11. Article 22 GDPR — Automated decision-making. Solely automated decisions with legal or similarly significant effects require explicit consent or contractual necessity, plus the right to human review. Evidence: per-decision logs of the AI output, the human reviewer, and the override rate. Produce now: a decision-log schema with fields {decision_id, model, input_hash, output, reviewer, override, timestamp}.

12. Article 30 GDPR — Records of processing activities. Your ROPA must list AI-mediated processing explicitly — many still do not. Evidence: a ROPA entry per AI use case with purpose, legal basis, data categories, recipients, retention, and international transfer mechanism. Produce now: a row per AI tool that crosses an EU border, with the SCC version and the transfer impact assessment reference. The CNIL’s 2024 ROPA template now includes an AI annex; use it.

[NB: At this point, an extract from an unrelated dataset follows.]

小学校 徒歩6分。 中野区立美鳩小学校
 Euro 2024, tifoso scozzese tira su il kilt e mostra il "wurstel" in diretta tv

13. NIS2 cross-cut — Supply-chain risk. If you fall under NIS2 (essential or important entity), your AI vendors are part of your supply chain risk assessment. Evidence: a vendor questionnaire covering hosting region, sub-processors, model provenance, and the ability to disable training. Produce now: a one-page "AI vendor assessment" appended to your standard third-party security review — the BSI has published a usable template in its 2024 cloud-services catalogue.

Why continuous logs are the load-bearing artifact

Eleven of the twelve items above resolve, in practice, to one technical requirement: a tamper-resistant log of every AI interaction, with the decision the DLP layer applied. The EDPB’s position in its 2025 opinion on generative AI is consistent with national authorities — CNIL, AEPD, the ICO — and converges on the same evidentiary standard: continuous, queryable, retained at least as long as the audit cycle.

This is the gap a standalone policy document cannot close. A policy says "employees must not paste customer data into ChatGPT"; an audit log proves that on a given day, 1,847 prompts were sent, 23 contained personal data, 21 were anonymized in flight, 2 were blocked, and the user was shown the policy each time. That is the substance Article 5(2) GDPR calls accountability.

What to do this quarter

1. Inventory and classify. By the end of this quarter, produce a complete inventory of AI tools in use — including shadow tools surfaced by a discovery pass — classified by data sensitivity and EU AI Act risk tier.
2. Switch on continuous logging. Pick a DLP layer that logs every AI prompt with destination, model, policy decision, and outcome. Set retention to 13 months minimum. Send a copy to your SIEM.
3. Run one DPIA end-to-end. Choose your highest-volume AI use case and complete a DPIA against the template in Article 35, with the prompt flow itself in scope. Have your DPO sign it. That single artifact will tell you which of the other 11 items are weakest.

The audit log is the spine of every Article 32 conversation in 2026. Build it first, and the policy work has somewhere to land.